06/03/09 - Jean-Yves Robin, le directeur général du GIP et de la future Agence des systèmes d’information de santé partagées (Asip) évoque, dans La Tribune (5-03), le lancement des premiers DMP dès l’année prochaine. Il souhaite "raisonner par paliers et non construire une cathédrale monumentale". "Dans un premier temps, nous allons sélectionner qu’un seul hébergeur du DMP pour stocker les données de santé des patients. Il sera prêt à la mi-2010. Tous les médecins qui auront mis à jour leurs logiciels de gestion pourront alors faire du DMP", détaille le directeur. Le dossier mettra plusieurs années à se généraliser. Il sera facultatif, une disposition de la loi Bachelot supprime son caractère obligatoire, et accessible aux médecins qu’avec l’accord du patient. "Pour que le DMP marche, il faudra qu’il aide les médecins dans leur métier, qu’il leur fasse gagner du temps. Son utilisation devra faire partie des bonnes pratiques des professionnels de santé". De leur côté, les députés ont voté mercredi 4 mars, dans le projet de loi HPST, une expérimentation du DMP sur une clé USB pour les patients en ALD, avant le 31 décembre 2010 . Rappelons que cette mesure figurait dans le PLFSS pour 2009, mais elle a été censurée par le Conseil constitutionnel.

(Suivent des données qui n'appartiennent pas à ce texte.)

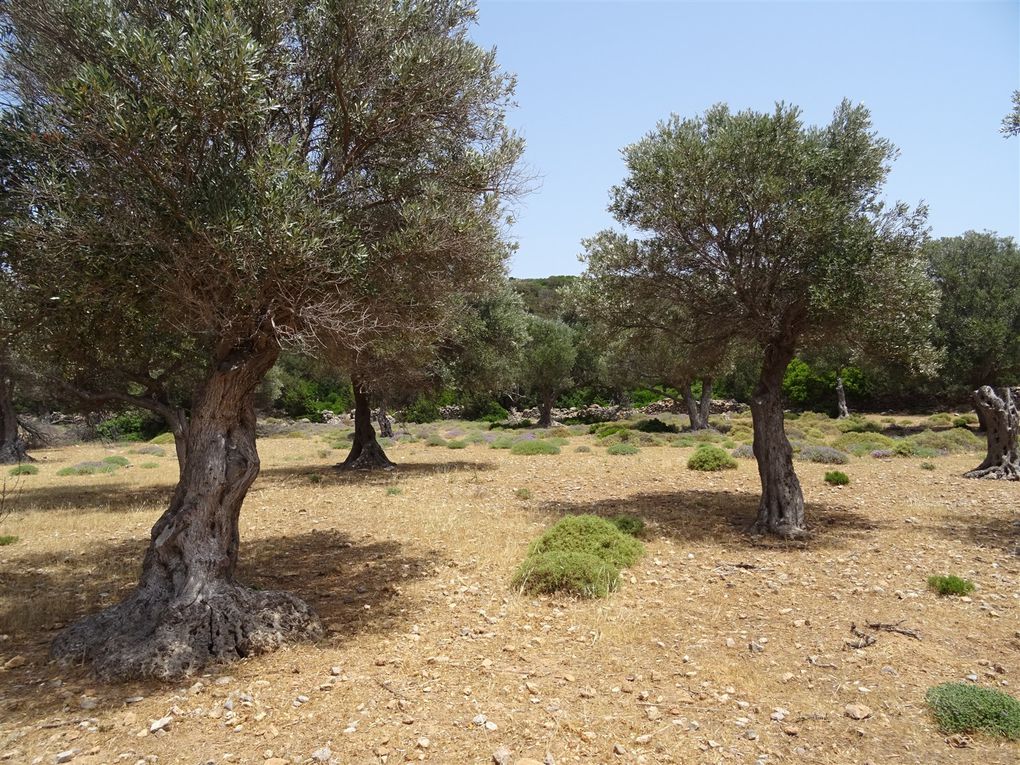 Sifnos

En attendant notre fameuse clé USB ou notre DMP light, il existe un pays en Europe qui montre l’exemple dans le domaine de l’e-santé avec de très faibles moyens : l’Estonie. Ne loupez pas l’article du Dr Fraslin "L’Estonie nouvel eldorado des systèmes d’informations de santé ?" Ce pays, l’un des moins riches de l’Union européenne, "s’est engagé dans la voie de la cybersanté, car son système de santé n’est pas au top", ceci dès 2002. Les quatre projets de santé en ligne - dossier de santé électronique (EHR), Digital prescription, Digital Registration, Digital Image - sont financés par les Fonds structurels de l’Union européenne (36 millions euros). "Des e-cacahouètes par rapport au 73 millions d’euros dépensés en France pour l’avorton DMP et l’argent dilapidé dans les réseaux de soins. Avec le seul budget du GIP-DMP les trois états baltes auraient pu financer leur e-santé", constate l’auteur de l’article.

De son côté, Google poursuit le développement de son dossier médical en ligne lancé en mai dernier. Il a annoncé le 4 mars que les internautes utilisateurs de son service gratuit Google Health pourront désormais partager leurs données médicales hébergées en ligne avec leurs proches ou leur médecin. L’interface sécurisée permet à L’iinternaute d’interrompre à tout moment le partage de ses données et de savoir qui les a consultées. Autre nouveauté proposée par le service Google Health, la possibilité d’imprimer une mini-carte sur laquelle sont mentionnées les allergies ou le groupe sanguin de lŒutilisateur.

Sur le site I-Med - L’Estonie nouvel eldorado des systèmes d’informations de santé ?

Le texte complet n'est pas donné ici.